● Dataset section
+++
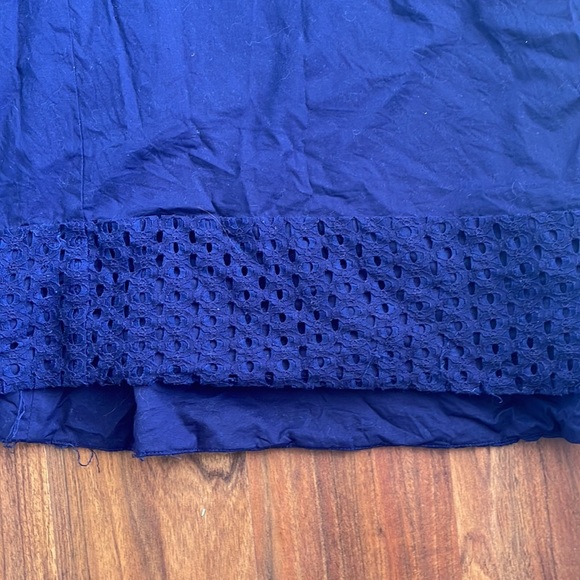 Elle Women’s Sleeveless Dress. - Picture 5 of 6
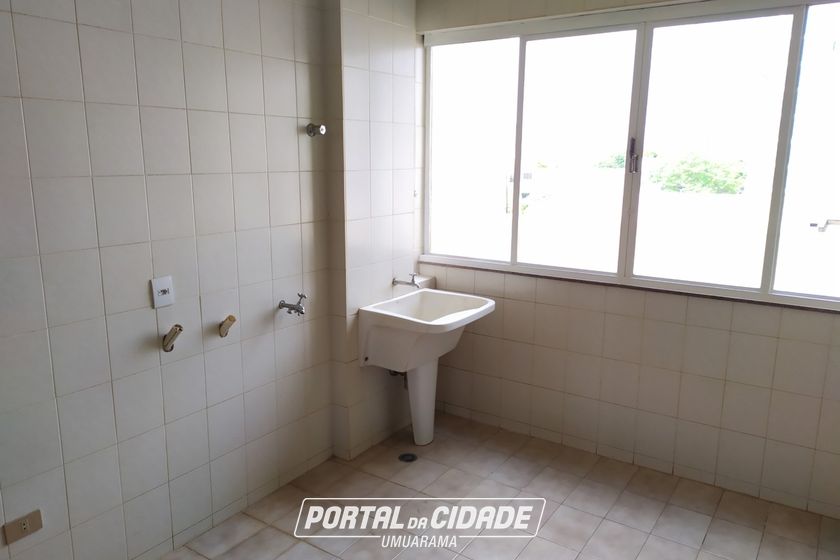 Apartamento &agrave; venda - 234m&sup2; - ZONA I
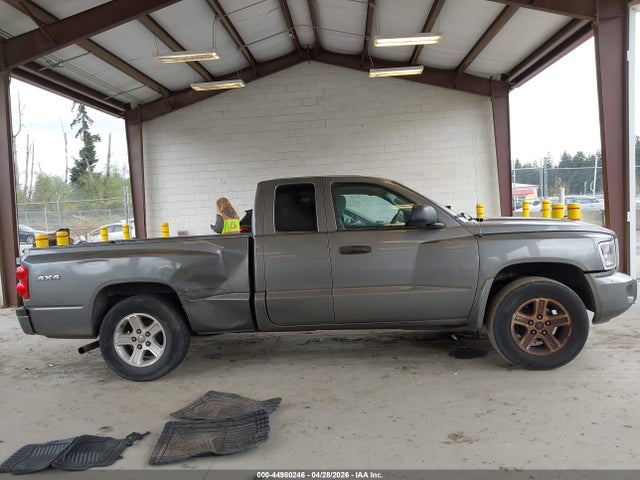 Продажа на аукционе авто 2011 Ram Dakota Bighorn/lonestar, vin: 1D7RW3BK0BS633813, номер лота: 44980246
+++
● Activity
Every line above should be duplicated exactly; the pictures are to be left out.

● Response
 Elle Women’s Sleeveless Dress. - Picture 5 of 6
 Apartamento &agrave; venda - 234m&sup2; - ZONA I
 Продажа на аукционе авто 2011 Ram Dakota Bighorn/lonestar, vin: 1D7RW3BK0BS633813, номер лота: 44980246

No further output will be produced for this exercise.